The worst holy slaughter halted by the British was the infamous Thuggee strangling in India. For generations, certain secretive followers of Kali, the goddess of destruction, had been ritually dispatching an estimated 20,000 victims a year. The toll since the 1500's was estimated as high as 2 million. Thug theology held that Brahma the Creator produced new lives faster than Shiva the Destroyer could end them, so Shiva's wife Kali commanded believers to hunt humans and garrote them with sashes.

Thugs usually preyed upon travelers in unpopulated places. Victims were seized, strangled, ceremonially gashed, and buried--then the Thugs ate a ritual meal over the burial spot. (They also plundered the victim's possessions--another motive for their religious ferver.) British officers finally broke Thuggee by ferreting out 3,689 cultists and hanging or imprisoning them, or branding them with "Thug" as a public warning. At a trial in 1840, one Thug was accused of strangling 931 people.
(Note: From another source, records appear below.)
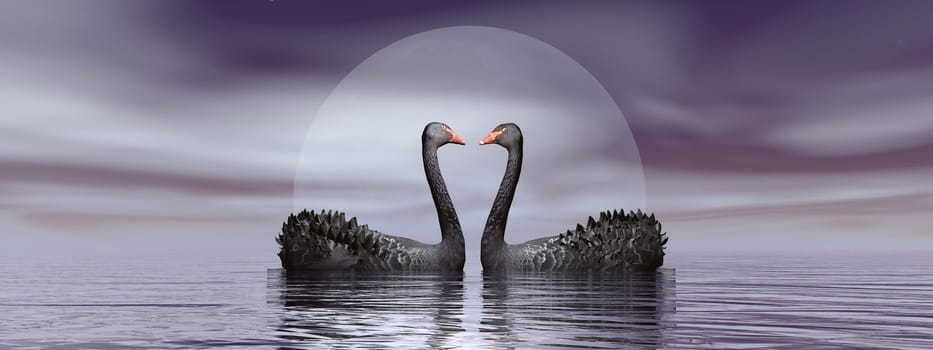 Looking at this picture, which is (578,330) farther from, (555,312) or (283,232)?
(283,232)

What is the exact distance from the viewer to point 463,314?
12.2 meters

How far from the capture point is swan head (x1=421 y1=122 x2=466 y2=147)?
23.0 metres

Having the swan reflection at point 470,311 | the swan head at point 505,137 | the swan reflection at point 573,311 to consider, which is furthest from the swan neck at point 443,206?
the swan reflection at point 470,311

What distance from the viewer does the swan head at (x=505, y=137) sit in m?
23.1

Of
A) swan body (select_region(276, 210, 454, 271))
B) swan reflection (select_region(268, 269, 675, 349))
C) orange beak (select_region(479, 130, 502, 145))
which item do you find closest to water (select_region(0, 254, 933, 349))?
swan reflection (select_region(268, 269, 675, 349))

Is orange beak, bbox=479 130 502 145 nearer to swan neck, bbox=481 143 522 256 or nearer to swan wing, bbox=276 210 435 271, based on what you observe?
swan neck, bbox=481 143 522 256

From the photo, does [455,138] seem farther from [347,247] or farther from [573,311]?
[573,311]

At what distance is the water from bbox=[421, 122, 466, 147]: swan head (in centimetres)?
380

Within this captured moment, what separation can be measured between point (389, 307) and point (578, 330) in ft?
11.3

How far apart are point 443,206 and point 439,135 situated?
151 cm

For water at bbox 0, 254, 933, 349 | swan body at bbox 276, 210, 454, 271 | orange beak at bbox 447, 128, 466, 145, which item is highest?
orange beak at bbox 447, 128, 466, 145

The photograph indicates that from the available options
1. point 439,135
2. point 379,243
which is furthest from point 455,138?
point 379,243

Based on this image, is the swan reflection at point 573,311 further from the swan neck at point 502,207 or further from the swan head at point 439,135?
the swan head at point 439,135

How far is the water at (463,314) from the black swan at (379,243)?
2.28 meters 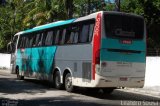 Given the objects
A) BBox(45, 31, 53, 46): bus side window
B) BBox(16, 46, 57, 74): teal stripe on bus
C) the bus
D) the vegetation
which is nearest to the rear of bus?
the bus

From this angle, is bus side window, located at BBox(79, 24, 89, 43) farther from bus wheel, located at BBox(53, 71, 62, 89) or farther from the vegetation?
the vegetation

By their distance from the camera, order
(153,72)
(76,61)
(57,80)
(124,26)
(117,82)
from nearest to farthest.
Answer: (117,82), (124,26), (76,61), (57,80), (153,72)

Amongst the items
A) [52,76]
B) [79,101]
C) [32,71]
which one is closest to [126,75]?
Result: [79,101]

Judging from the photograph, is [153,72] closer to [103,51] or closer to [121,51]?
[121,51]

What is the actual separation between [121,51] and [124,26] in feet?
3.35

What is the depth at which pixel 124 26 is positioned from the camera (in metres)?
16.9

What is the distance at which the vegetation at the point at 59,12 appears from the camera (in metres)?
36.5

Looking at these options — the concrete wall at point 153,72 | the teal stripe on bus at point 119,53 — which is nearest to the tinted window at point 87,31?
the teal stripe on bus at point 119,53

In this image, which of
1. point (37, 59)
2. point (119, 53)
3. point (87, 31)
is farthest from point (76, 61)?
point (37, 59)

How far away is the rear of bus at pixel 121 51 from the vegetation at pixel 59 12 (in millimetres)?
11487

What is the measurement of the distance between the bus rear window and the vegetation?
37.5 ft

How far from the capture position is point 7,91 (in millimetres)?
18906

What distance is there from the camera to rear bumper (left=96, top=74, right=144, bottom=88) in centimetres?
1619

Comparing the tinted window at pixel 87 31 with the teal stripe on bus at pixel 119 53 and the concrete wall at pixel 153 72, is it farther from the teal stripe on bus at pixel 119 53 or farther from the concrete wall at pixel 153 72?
the concrete wall at pixel 153 72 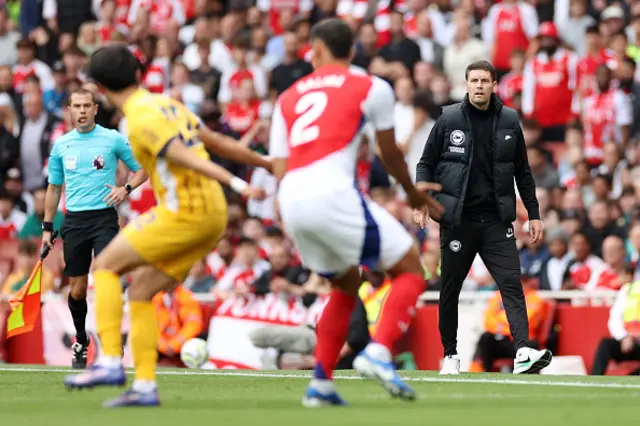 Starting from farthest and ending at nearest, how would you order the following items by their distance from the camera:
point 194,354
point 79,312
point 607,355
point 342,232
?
point 194,354 < point 607,355 < point 79,312 < point 342,232

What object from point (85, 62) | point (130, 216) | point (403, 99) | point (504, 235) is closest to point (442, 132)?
point (504, 235)

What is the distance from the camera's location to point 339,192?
8781mm

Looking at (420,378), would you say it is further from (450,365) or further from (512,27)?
(512,27)

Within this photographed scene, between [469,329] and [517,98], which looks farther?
[517,98]

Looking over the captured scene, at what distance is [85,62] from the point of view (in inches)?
963

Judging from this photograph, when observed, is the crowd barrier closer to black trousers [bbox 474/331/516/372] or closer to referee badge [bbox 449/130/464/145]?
black trousers [bbox 474/331/516/372]

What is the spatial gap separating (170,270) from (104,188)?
15.6 feet

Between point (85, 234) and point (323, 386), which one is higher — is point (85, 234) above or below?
above

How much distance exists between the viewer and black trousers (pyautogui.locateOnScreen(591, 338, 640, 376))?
14.9 metres

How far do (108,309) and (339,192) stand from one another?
5.00ft

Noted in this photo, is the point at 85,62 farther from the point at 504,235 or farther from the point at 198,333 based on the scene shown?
the point at 504,235

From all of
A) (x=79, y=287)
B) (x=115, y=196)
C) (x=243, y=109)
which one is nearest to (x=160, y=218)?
(x=115, y=196)

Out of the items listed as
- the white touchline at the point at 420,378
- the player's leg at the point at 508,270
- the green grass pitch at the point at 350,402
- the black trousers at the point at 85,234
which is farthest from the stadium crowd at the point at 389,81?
the green grass pitch at the point at 350,402

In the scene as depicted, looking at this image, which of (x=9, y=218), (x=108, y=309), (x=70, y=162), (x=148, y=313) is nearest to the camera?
(x=148, y=313) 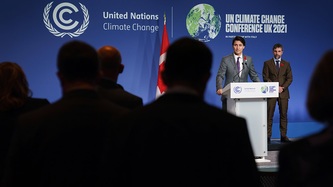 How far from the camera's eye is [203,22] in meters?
8.52

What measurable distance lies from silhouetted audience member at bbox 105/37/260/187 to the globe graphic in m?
7.01

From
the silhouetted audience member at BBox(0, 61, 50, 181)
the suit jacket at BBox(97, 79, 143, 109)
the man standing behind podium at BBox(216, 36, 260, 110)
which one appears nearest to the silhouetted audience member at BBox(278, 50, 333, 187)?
the silhouetted audience member at BBox(0, 61, 50, 181)

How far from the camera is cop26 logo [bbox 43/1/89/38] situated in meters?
8.12

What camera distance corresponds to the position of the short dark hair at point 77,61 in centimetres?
171

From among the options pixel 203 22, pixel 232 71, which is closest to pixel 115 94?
pixel 232 71

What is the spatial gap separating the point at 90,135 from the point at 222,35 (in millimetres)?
7047

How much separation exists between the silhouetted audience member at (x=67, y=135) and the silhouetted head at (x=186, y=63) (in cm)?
31

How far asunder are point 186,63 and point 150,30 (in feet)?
22.6

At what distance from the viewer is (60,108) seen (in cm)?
170

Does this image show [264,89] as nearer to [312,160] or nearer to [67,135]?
[67,135]

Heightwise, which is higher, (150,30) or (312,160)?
(150,30)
Other sacrifices lingered. In the 1800s an Ashanti king in Africa, wishing to make his new palace impregnable, sacrificed 200 girls and mixed their blood in the mortar of the walls. In 1838 a Pawnee American Indian girl was cut to pieces to fertilize new crops. During the late 1800s, bodies of sacrificed children occasionally were found at Kali shrines in India. During a Russian famine in the 1890s, a dozen Votiaks were sentenced to life imprisonment for hanging a victim upside down in a tree and tearing out his heart to appease the earth god Kourbane.